Usted ha escrito con anterioridad sobre la familia y sus conflictos. La familia es uno de los grandes temas universales de la literatura, se ha escrito mucho y se supone que se seguirá escribiendo sobre las relaciones familiares. En los últimos tiempos se está escribiendo un número importante de publicaciones de autoficción. ¿Cree que pudiera ser la forma que se ha adoptado para amoldarse al tiempo presente?

La autoficción me interesa poco, la verdad, aunque las autobiografías, a las que soy muy aficionado, siempre incorporan una buena parte de ficción: las fantasías que el autor ha elaborado sobre sí mismo, las mentiras o medias verdades con las que en ocasiones modifica el pasado, los silencios sobre algunos rincones oscuros de su propia vida… Pero todo eso forma parte del pacto que el autor establece con el lector, y no pocas veces tiene que venir un biógrafo para contradecir o matizar los recuerdos del propio escritor. En cambio, el pacto que el escritor de autoficción propone es una especie de patente de corso: ese que aparece en la novela es unas veces mi yo real y otras veces un yo inventado, así que no tengo ningún compromiso con la verdad y no tengo que rendir cuentas a nadie sobre lo que cuento o dejo de contar… Yo prefiero no mezclar. Los escritores vamos dejando retazos de nuestras vidas en nuestras novelas pero nadie lo sabe. No sé si algún día escribiré sobre mí mismo porque mi vida no es muy interesante. Pero, si lo hago, supongo que me atendré a las convenciones del género autobiográfico.

 

Díganos algo que le guste de la narrativa española actual y algo que le moleste o encuentre inviable. Es decir, aciertos y logros, aunque no mencione obras ni nombres.

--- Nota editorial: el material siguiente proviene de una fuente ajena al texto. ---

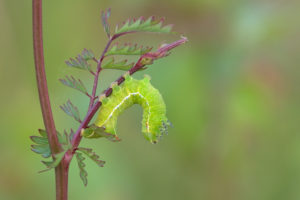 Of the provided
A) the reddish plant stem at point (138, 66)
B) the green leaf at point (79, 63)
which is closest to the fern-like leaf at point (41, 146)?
the reddish plant stem at point (138, 66)

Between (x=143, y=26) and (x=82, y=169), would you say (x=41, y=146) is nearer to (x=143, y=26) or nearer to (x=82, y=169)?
(x=82, y=169)

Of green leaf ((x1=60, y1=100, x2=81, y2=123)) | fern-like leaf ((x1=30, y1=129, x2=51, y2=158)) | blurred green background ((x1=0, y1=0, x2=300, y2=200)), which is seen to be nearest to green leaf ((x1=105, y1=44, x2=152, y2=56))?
green leaf ((x1=60, y1=100, x2=81, y2=123))

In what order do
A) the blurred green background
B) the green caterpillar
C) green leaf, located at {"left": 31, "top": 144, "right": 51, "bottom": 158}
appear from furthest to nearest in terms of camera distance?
the blurred green background < the green caterpillar < green leaf, located at {"left": 31, "top": 144, "right": 51, "bottom": 158}

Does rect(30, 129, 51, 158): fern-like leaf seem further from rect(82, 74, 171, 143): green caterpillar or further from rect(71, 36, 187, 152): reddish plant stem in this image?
rect(82, 74, 171, 143): green caterpillar

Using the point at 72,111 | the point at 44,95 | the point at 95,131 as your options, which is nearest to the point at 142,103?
the point at 72,111

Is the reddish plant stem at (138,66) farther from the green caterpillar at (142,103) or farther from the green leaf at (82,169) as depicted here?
the green caterpillar at (142,103) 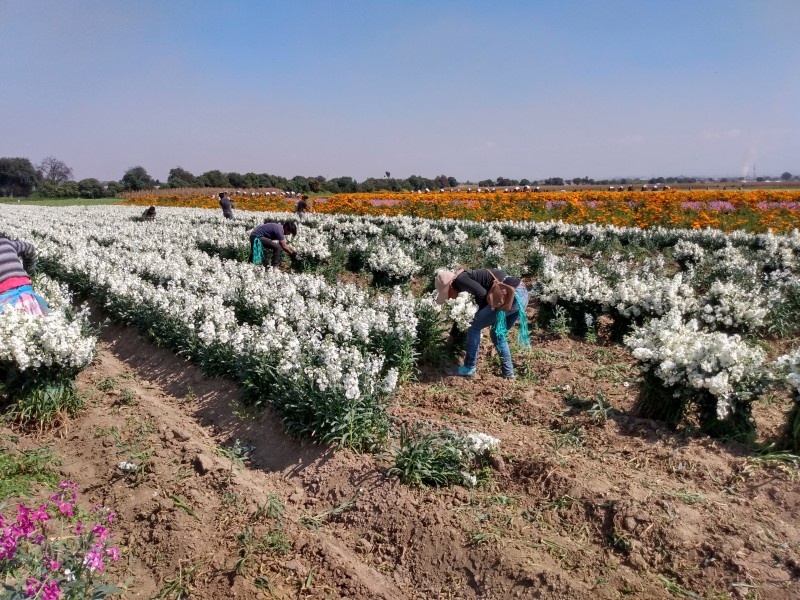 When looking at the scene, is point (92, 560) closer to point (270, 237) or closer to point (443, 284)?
point (443, 284)

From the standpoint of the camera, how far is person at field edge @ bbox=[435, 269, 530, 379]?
5980 millimetres

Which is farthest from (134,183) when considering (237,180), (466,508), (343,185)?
(466,508)

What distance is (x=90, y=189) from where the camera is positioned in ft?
190

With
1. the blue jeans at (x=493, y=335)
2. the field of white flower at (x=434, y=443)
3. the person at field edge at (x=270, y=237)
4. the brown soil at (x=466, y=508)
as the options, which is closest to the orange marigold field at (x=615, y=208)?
the person at field edge at (x=270, y=237)

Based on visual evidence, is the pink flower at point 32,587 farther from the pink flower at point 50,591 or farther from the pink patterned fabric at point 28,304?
the pink patterned fabric at point 28,304

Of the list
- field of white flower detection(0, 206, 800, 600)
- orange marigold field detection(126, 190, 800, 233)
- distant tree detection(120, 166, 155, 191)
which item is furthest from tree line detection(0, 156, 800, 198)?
field of white flower detection(0, 206, 800, 600)

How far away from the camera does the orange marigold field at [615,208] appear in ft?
56.7

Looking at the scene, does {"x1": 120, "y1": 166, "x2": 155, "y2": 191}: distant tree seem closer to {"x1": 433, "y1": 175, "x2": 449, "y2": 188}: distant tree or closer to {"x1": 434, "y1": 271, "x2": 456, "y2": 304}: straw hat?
{"x1": 433, "y1": 175, "x2": 449, "y2": 188}: distant tree

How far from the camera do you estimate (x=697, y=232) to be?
1405 cm

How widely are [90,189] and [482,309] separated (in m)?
63.1

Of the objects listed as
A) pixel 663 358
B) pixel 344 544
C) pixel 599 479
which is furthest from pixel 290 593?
pixel 663 358

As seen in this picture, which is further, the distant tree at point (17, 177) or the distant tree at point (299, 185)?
the distant tree at point (17, 177)

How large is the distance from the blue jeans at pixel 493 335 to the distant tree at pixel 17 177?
309 feet

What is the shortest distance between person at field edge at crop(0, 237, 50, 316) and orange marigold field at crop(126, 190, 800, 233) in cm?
1511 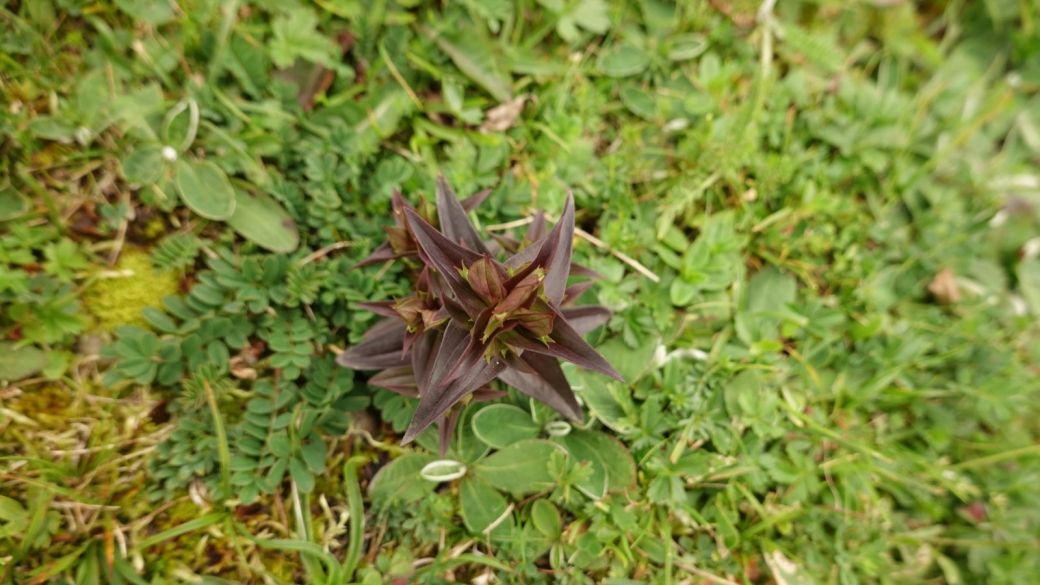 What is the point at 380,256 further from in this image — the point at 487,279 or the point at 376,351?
the point at 487,279

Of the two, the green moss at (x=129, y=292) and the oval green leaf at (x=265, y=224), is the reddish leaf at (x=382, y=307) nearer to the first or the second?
the oval green leaf at (x=265, y=224)

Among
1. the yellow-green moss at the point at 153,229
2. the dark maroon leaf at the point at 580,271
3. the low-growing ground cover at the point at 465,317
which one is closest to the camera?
the dark maroon leaf at the point at 580,271

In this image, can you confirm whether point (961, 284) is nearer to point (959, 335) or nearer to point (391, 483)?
point (959, 335)

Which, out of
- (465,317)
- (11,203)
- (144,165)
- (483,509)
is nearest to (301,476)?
(483,509)

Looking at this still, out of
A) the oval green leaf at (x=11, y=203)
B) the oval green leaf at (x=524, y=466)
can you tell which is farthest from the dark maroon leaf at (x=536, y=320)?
the oval green leaf at (x=11, y=203)

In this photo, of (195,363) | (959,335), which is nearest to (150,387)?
(195,363)

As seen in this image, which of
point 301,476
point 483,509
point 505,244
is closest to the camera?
point 505,244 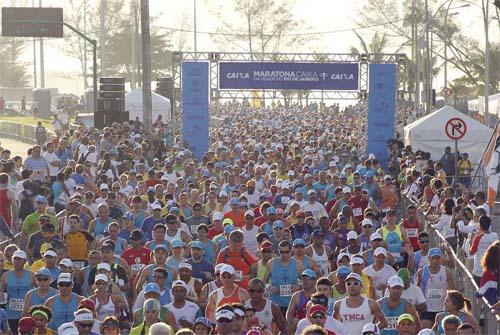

Siempre he seguido con interés y curiosidad lo que escribían los novelistas más jóvenes que yo. Al igual que en los años ochenta, en los que empecé a publicar, conviven las tendencias más diversas, lo cual es un síntoma de vigor y buena salud. Me gusta comprobar que la vieja tradición realista, que tantas veces se ha dado por muerta y enterrada, sigue vivita y coleando. También, como en los ochenta, es una literatura que no se nutre únicamente de los antecedentes locales sino que más bien está abierta a todo tipo de influencias internacionales. El llamado «realismo sucio», que hace más de treinta años renovó la tradición narrativa norteamericana, sigue orientando a muchos de los novelistas y cuentistas españoles que ahora rondan los cuarenta años.

 

¿Cómo ha sido publicar un nuevo libro en estos momentos de pandemia?

Sé de algunos colegas a los que la pandemia bloqueó, al menos en un primer momento. Yo había terminado ya la novela y podría haberme entregado a un bloqueo más o menos voluntario. Pero, precisamente para huir de los fantasmas de la pandemia, me impuse el deber de escribir, que, al fin y al cabo, es crear mundos. Y en los mundos que empecé a crear existen problemas de todo tipo, pero no existe este coronavirus que nos ha amargado la existencia durante tanto tiempo.